Tout ce que vous avez toujours voulu savoir sur la messagerie électronique d’un salarié

A différentes étapes de la relation de travail, la question de l’accès à la messagerie professionnelle du salarié se pose, tant en droit social qu’en droit des données à caractère personnel.

 

En effet, l’accès à la messagerie électronique, nécessaire aux besoins relatifs au fonctionnement de l’entreprise, s’impose comme un sujet de droit social inévitable dans le quotidien d’un employeur. Les messages envoyés ou reçus par son intermédiaire peuvent également être invoqués au soutien d’une sanction disciplinaire ou au cours d’un litige entre salarié et employeur.

 

Par ailleurs, ces messages, adressés ou reçus sur une messagerie professionnelle, constituent des données à caractère personnel protégées (1) devant respecter certaines exigences issues du RGPD, notamment en matière d’information des salariés, de légitimité et de proportionnalité du traitement, ou de minimisation des données traitées.

Bref rappel des règles relatives à l’accès à la messagerie durant l’exécution normale du contrat de travail

De jurisprudence constante, les messages adressés et reçus par le salarié à l’aide de la messagerie électronique mise à disposition par l’entreprise pour son travail sont présumés avoir un caractère professionnel. Cela signifie que l’employeur est en droit d’ouvrir et de consulter ces messages, même en dehors de la présence du salarié.

 

Toutefois, deux exceptions à cette règle existent.

 

La première exception à la libre consultation par l’employeur de la messagerie professionnelle concerne les messages identifiés comme personnels par le salarié.

 

Dans ce cas, l’employeur ne peut pas consulter les messages électroniques hors de la présence de l’intéressé, même si l’utilisation non professionnelle de la messagerie a été interdite.

 

L’arrêt fondateur est l’arrêt Nikon rendu par la Chambre sociale de la Cour de cassation (2).

 

Par cet arrêt, la Cour affirme que «tout salarié a droit même au temps et au lieu de travail, au respect de l’intimité de sa vie privée». Ce qui implique en particulier le secret des correspondances.

 

L’employeur ne peut pas, sans violation de cette liberté fondamentale, prendre connaissance des messages personnels et identifiés comme tels, émis par le salarié ou reçus par lui.
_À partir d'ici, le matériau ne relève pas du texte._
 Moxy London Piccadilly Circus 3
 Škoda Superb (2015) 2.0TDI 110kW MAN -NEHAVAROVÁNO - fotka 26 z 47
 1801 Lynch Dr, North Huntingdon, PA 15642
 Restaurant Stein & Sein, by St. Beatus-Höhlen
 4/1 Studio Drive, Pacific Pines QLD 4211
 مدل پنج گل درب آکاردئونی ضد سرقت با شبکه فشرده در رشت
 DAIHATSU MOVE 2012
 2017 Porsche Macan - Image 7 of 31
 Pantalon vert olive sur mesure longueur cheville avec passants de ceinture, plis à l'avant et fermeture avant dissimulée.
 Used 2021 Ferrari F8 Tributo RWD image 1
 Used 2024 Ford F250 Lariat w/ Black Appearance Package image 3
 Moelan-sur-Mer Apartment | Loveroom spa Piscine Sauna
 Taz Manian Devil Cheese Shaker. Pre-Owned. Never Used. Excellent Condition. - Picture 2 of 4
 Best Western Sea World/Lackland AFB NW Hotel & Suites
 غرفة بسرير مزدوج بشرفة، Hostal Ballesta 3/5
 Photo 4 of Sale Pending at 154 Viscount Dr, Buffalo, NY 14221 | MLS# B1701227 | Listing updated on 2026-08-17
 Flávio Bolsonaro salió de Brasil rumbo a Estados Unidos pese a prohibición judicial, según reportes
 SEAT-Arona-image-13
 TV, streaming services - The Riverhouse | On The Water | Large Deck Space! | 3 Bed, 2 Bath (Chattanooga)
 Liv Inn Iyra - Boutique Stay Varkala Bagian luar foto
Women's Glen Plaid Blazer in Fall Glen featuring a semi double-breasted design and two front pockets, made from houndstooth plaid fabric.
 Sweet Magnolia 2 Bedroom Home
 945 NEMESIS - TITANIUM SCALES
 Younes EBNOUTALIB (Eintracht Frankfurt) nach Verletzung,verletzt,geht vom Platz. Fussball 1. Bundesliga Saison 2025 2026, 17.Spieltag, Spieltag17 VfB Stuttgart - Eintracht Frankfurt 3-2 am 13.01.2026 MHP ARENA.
Il importe peu que ces messages aient été envoyés ou reçus grâce à un outil informatique mis à disposition par l’employeur ou même que l’employeur ait interdit une utilisation non professionnelle de l’ordinateur.

 

L’identification d’un message résulte, en principe, de son intitulé lui conférant un caractère nécessairement et strictement personnel. Cela pourrait également résulter des éléments contenus dans le message qui sont, par nature, d’ordre personnel

 

Il convient de relever qu’il existe une dérogation à cette première exception : l’employeur peut accéder aux messages identifiés comme personnels s’il justifie d’un motif légitime (3).

 

Dans ce cas, il doit demander au juge la désignation d’un huissier de justice qui procède à consultation de ces messages en présence du salarié ou, sans ce dernier, sous réserve qu’il ait été dument prévenu .

 

La deuxième exception trouve son fondement dans le règlement intérieur de l’entreprise (ou dans la charte informatique, si celle-ci existe dans l’entreprise)(4).

 

Ainsi, du point de vue du droit social, la charte informatique décrit les modalités d’utilisation des outils informatiques et, de ce fait, peut délimiter le droit de consultation de la messagerie électronique par l’employeur.

 

A ce titre, la Cour de cassation (5) est venue préciser que lorsque le règlement intérieur contient des dispositions restreignant le pouvoir de consultation de la messagerie électronique, l’employeur ne peut plus consulter les messages librement.

 

En l’espèce, le règlement intérieur contenait une clause stipulant que «les boîtes emails des salariés pourront être consultées par la direction en présence du salarié», sans distinguer selon que les messages électroniques étaient identifiés ou non comme personnels. L’employeur est donc contraint de se conformer à une telle clause qui serait insérée dans le règlement intérieur.

 

Par ailleurs, il est utile de rappeler que la présomption du caractère professionnel ne joue pas s’agissant de la messagerie personnelle du salarié. Même consultés sur son ordinateur professionnel, les mails du salarié provenant de sa messagerie personnelle sont protégés par le secret des correspondances (6).

 

D’un point de vue du droit des données à caractère personnel, en décrivant les modalités d’accès à la messagerie électronique (ce qui, pour rappel, constitue un traitement de données) dans le règlement intérieur, l’employeur fournit plusieurs informations obligatoires au titre du RGPD (7).

 

Ce faisant, il renforce son niveau de conformité avec l’obligation d’information préalable et exhaustive à laquelle est tenue toute société mettant en place un traitement et en définissant les modalités (le «responsable de traitement») (par exemple, les finalités de ce traitement, la durée de conservation des données, etc.).(8)

 

En outre, dans la description des modalités d’accès aux messageries électroniques, l’employeur peut préciser les hypothèses dans lesquelles cet accès sera considéré comme justifié.

 

Cette précision permet de renforcer le niveau d’information fourni aux salariés, mais aussi répondre aux exigences de finalité légitime et de proportionnalité issues du RGPD (9), selon lesquelles tout traitement doit avoir une raison motivée et fondée, et être limité aux besoins d’espèce au regard de la finalité poursuivie (10).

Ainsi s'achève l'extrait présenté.